-- Exercise instructions --
From the material below, copy exactly the lines beginning with the one that contains "5 years old" and ending with the one that contains "Rastislav Spirko (11)"; the pictures stay out.

Segment Start: Study material

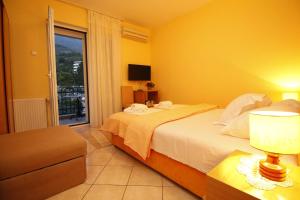 a hotel room with a bed and a window at Apartments Mitrovići Miločer in Sveti Stefan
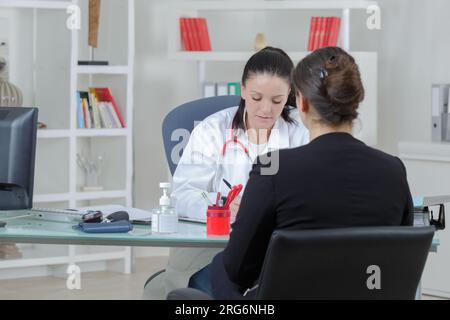 woman patient consultation in hospital or surgery office Stock Photo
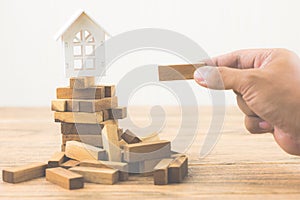 Hand holding wood block with model white house on wood block game. Investment risk and uncertainty in the real estate housing mark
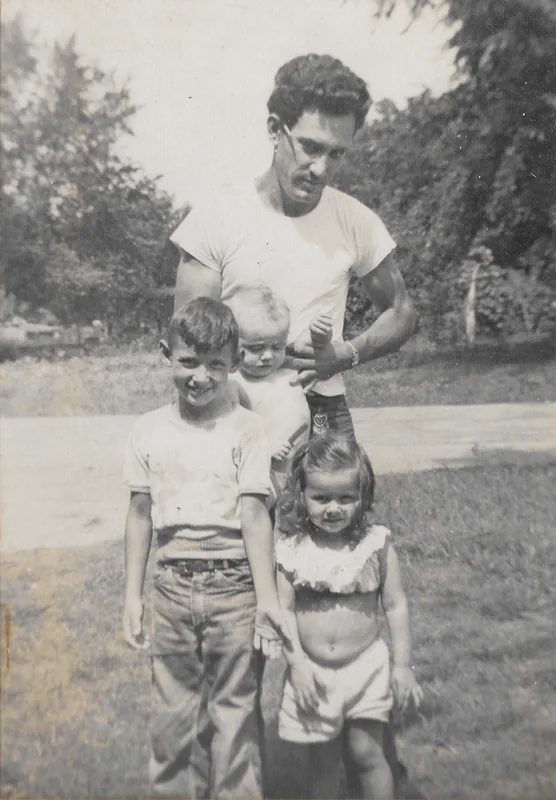 A man in a white T-shirt stands behind three young children in a yard, in an old black-and-white photograph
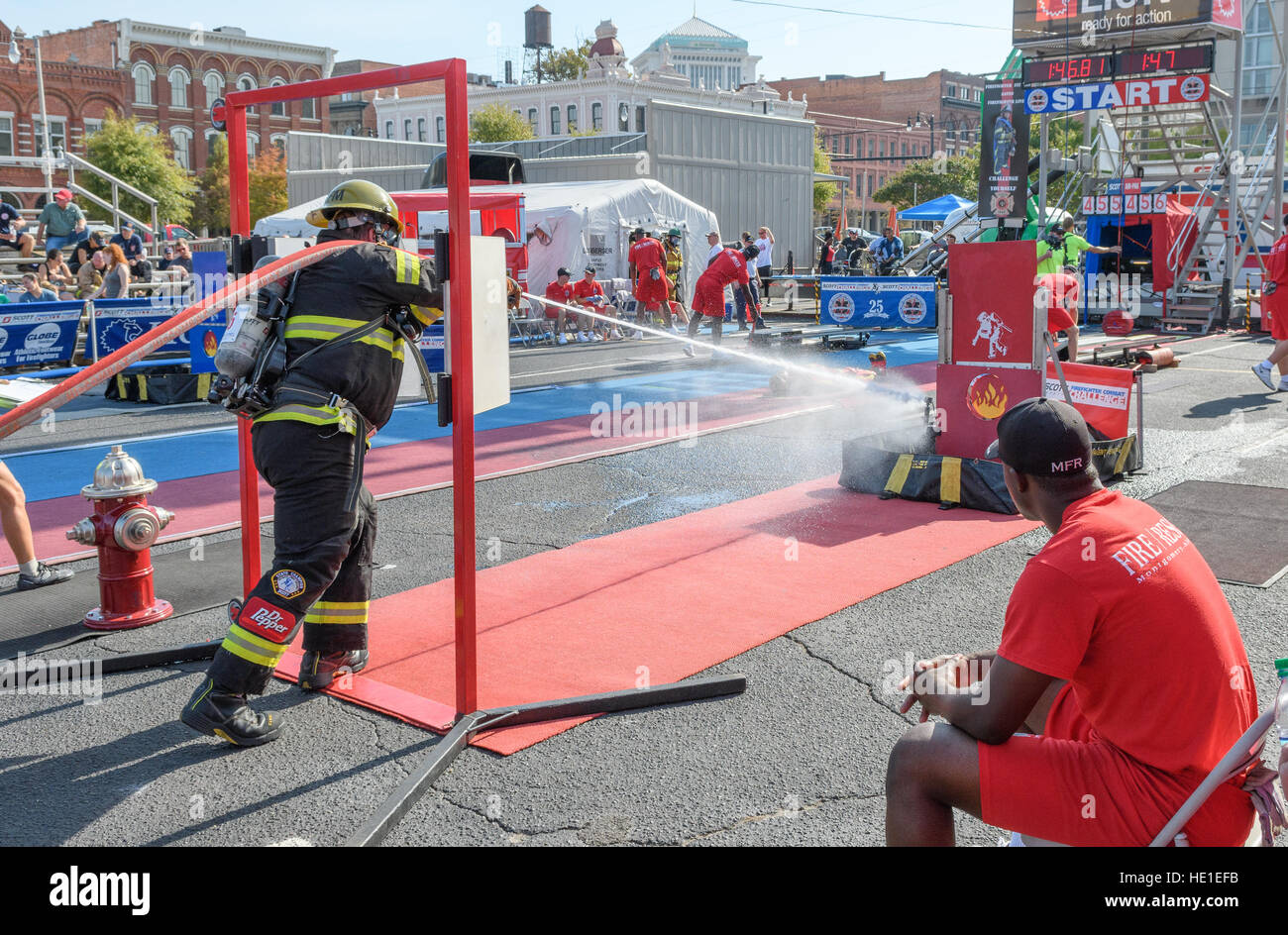 A firefighter completing a timed event with a fire hose. Stock Photo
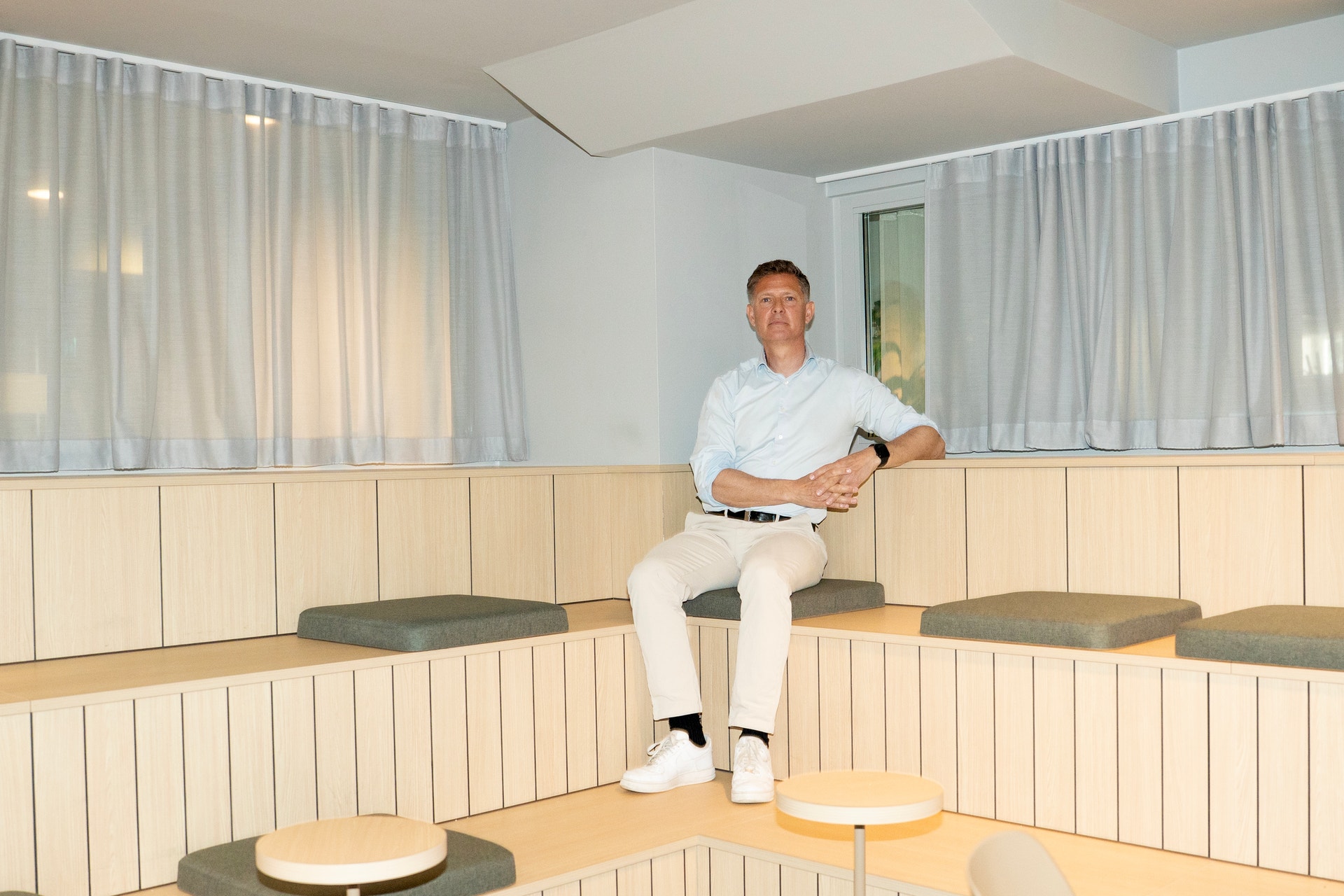 Man i vit skjorta sitter på en träbänk i ett modernt rum med ljusa väggpaneler och stora fönster.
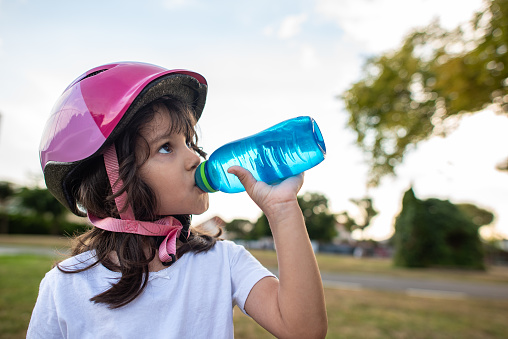 5 years old girl drinking water from a bottle after a bike ride.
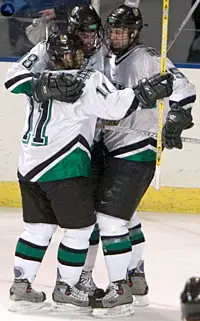 Rastislav Spirko (11) and Travis Zajac (15) help Drew Stafford celebrate Stafford's goal Friday against BU (photos: Melissa Wade).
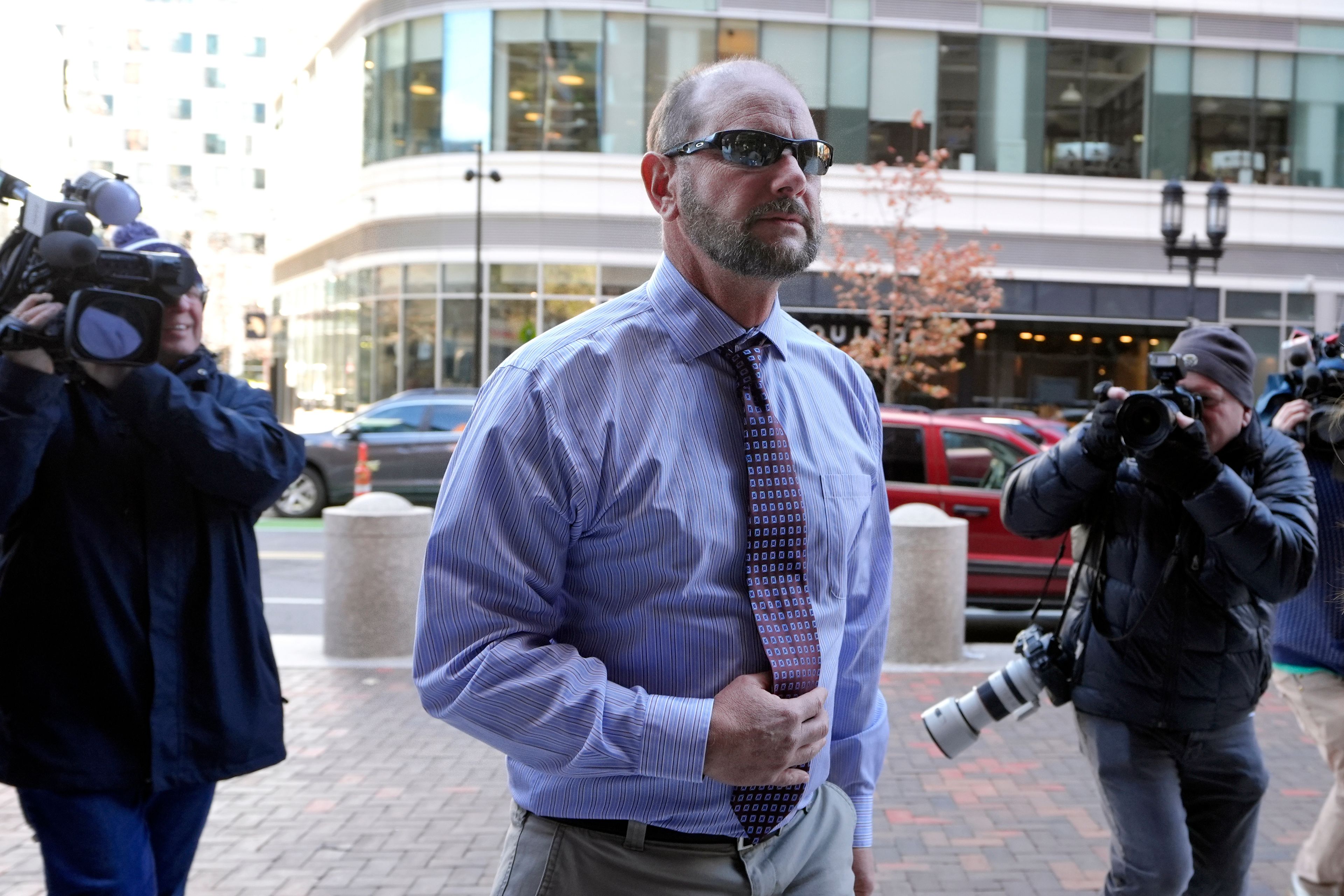 Jack Michael Teixeira, center, father of Massachusetts Air National Guardsman Jack Teixeira. arrives at federal court for his son's sentencing hearing, Tuesday, Nov. 12, 2024, in Boston,. (AP Photo/Steven Senne)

Segment End: Study material

-- Response box --
 5 years old girl drinking water from a bottle after a bike ride.
 Rastislav Spirko (11) and Travis Zajac (15) help Drew Stafford celebrate Stafford's goal Friday against BU (photos: Melissa Wade).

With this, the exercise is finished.